Religionszugehörige Zeichen des Zwangs
Was als religiös motiviert gilt, genießt häufig gesellschaftliche, politische und gesetzliche Sonderbehandlung. Doch nicht alles, was aus dem Glauben heraus entsteht, ist freiwillig.
Die Glaubens-, Gewissens- und Weltanschauungsfreiheit gilt als in der liberalen Demokratie unantastbares Grundrecht. Sie wird auch gerne, aber falsch synonym als Religionsfreiheit bezeichnet, was der Religion im Spektrum der Überzeugungen schon alleine sprachlich eine Ausnahmestellung verschafft. Dieser Umstand wird von Religionsgesellschaften gern als Atout ausgespielt. Wer sich auf die Religionsfreiheit beruft, darf mit Rücksicht rechnen – und nicht selten mit Ausnahmen. Dabei wird gern vergessen, dass sich hinter religiösen Traditionen, Symbolen und Markierungen oft nicht der Ausdruck eines Bekenntnisses verbirgt, sondern das genaue Gegenteil: Zwang.
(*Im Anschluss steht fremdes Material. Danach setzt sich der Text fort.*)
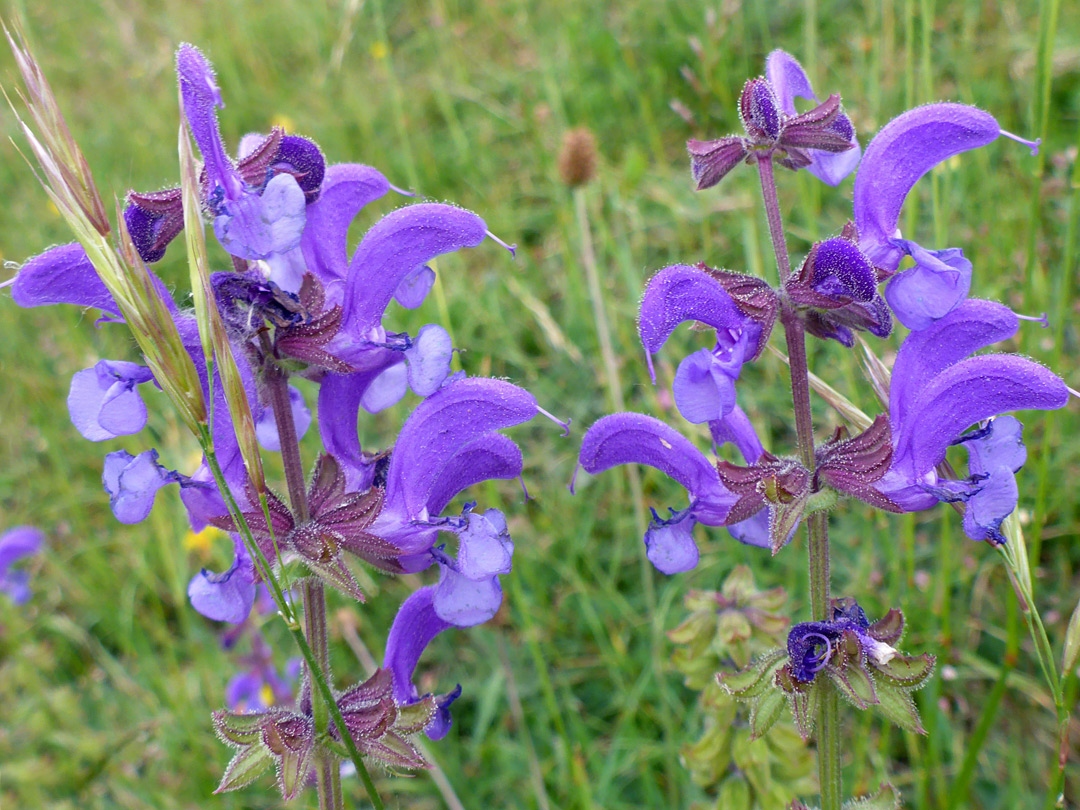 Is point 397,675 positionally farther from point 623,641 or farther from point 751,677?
Result: point 623,641

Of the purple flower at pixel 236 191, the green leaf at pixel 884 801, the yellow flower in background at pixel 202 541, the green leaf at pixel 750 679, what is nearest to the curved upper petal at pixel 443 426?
the purple flower at pixel 236 191

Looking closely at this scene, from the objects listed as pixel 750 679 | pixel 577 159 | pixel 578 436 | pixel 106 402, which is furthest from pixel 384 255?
pixel 578 436

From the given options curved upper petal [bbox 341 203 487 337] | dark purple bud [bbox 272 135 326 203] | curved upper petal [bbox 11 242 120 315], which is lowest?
curved upper petal [bbox 341 203 487 337]

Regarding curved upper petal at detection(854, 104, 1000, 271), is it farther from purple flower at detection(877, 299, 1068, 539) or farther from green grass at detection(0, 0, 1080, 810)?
green grass at detection(0, 0, 1080, 810)

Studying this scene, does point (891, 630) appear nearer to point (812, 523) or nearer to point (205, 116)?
point (812, 523)

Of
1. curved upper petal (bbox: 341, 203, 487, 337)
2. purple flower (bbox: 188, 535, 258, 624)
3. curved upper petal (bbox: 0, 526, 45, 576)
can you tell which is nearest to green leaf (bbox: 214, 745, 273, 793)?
purple flower (bbox: 188, 535, 258, 624)

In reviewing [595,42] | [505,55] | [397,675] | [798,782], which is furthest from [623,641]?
[505,55]

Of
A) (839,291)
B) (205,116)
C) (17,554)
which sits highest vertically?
(205,116)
Die Kopftuchdebatte ist ein Beispiel für diese Ambivalenz. Sie wird alle paar Jahre mit großem Aufwand geführt, weil es sich um eine Problemstellung handelt, die zwar nicht komplex ist, aber durch äußere Beobachtung alleine nicht mit Sicherheit abschließend geklärt werden kann. Frauen tragen Kopftücher aus modischen Gründen, religiöser Überzeugung und aus Zwang. Der liberale Reflex besteht darin, Selbstbestimmung zu achten und eine Entscheidung zur Verhüllung von erwachsenen Menschen auch einzufordern. Wer sich verschleiern will, soll das tun dürfen. Ein pauschales Verbot widerspräche diesem Grundsatz. Aber nicht alle Menschen sind in der Lage, diese Entscheidung selbstständig zu treffen und dann auch auszuführen.
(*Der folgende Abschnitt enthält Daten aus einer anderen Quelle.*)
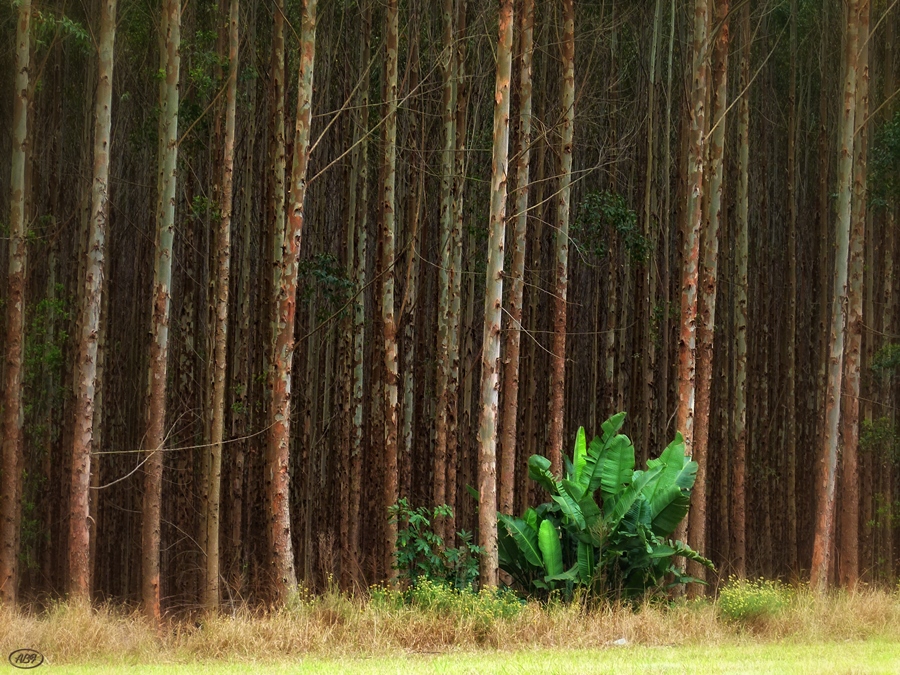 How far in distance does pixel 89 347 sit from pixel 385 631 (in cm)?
553

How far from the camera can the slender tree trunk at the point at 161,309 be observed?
46.5 ft

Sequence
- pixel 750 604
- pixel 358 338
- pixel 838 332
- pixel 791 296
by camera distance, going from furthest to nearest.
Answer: pixel 791 296 < pixel 358 338 < pixel 838 332 < pixel 750 604

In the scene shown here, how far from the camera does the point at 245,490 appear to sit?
21.8 m

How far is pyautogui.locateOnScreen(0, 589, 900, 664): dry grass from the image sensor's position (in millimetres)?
9828

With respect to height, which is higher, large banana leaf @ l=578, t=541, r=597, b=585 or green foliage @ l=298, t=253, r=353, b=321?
green foliage @ l=298, t=253, r=353, b=321

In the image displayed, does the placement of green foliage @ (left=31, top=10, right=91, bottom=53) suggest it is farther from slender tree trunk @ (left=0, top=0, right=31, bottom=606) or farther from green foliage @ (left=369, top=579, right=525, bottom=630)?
green foliage @ (left=369, top=579, right=525, bottom=630)

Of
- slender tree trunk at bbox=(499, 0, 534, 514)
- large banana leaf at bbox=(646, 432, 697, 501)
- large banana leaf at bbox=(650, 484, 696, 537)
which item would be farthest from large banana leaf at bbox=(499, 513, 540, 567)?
slender tree trunk at bbox=(499, 0, 534, 514)

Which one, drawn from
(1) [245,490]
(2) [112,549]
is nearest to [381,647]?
(1) [245,490]

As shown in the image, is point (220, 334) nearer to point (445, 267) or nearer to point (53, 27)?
point (445, 267)

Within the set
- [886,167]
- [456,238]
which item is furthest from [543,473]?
[886,167]

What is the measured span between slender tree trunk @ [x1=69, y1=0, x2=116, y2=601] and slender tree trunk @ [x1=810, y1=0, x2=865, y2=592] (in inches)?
395

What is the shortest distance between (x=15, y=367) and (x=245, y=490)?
7725 mm

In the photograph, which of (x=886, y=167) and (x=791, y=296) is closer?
(x=886, y=167)

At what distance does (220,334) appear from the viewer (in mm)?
15688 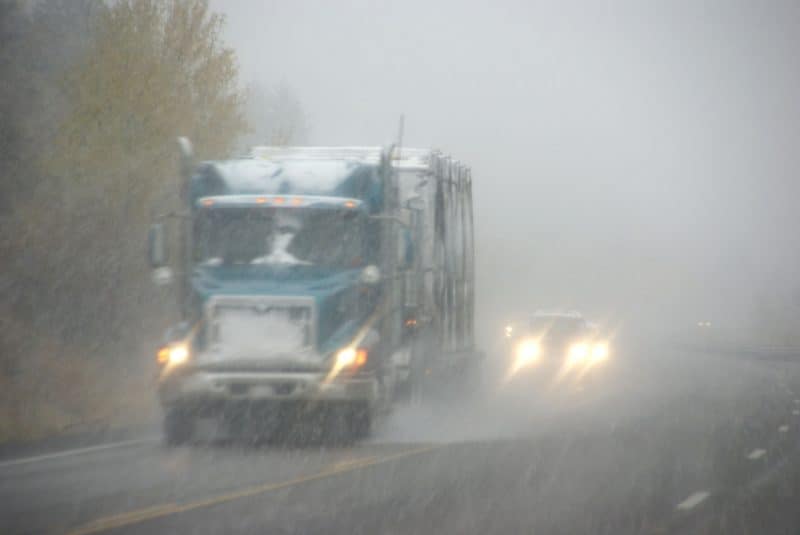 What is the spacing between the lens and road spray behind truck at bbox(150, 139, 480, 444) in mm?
16234

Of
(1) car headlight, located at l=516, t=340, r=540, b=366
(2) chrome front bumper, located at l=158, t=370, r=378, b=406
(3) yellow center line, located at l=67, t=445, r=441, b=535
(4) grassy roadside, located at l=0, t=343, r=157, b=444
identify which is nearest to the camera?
(3) yellow center line, located at l=67, t=445, r=441, b=535

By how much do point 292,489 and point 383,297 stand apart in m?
5.04

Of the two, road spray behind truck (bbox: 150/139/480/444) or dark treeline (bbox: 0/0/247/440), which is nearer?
road spray behind truck (bbox: 150/139/480/444)

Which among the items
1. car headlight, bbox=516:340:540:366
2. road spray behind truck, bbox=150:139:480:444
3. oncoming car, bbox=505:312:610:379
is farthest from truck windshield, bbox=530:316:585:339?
road spray behind truck, bbox=150:139:480:444

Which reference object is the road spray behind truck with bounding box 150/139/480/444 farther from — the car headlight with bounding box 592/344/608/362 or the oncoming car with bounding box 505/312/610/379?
the car headlight with bounding box 592/344/608/362

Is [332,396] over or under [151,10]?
under

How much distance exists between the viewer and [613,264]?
13500 cm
Was bedeutet Eigenbestimmung für Minderjährige? Mädchen tragen Kopftücher in der Regel, weil es von ihnen erwartet wird. Eltern, Familienverbände oder das soziale Umfeld entscheiden – nicht das Kind. Die individuelle Motivation wird unterstellt, nicht hinterfragt. Die Schule, der Staat, das Rechtssystem reagieren oft mit höflicher Zurückhaltung, auch wenn der Druck auf die Einzelne sichtbar ist und es damit kein religiöses Symbol, sondern ein Zeichen des Zwangs ist.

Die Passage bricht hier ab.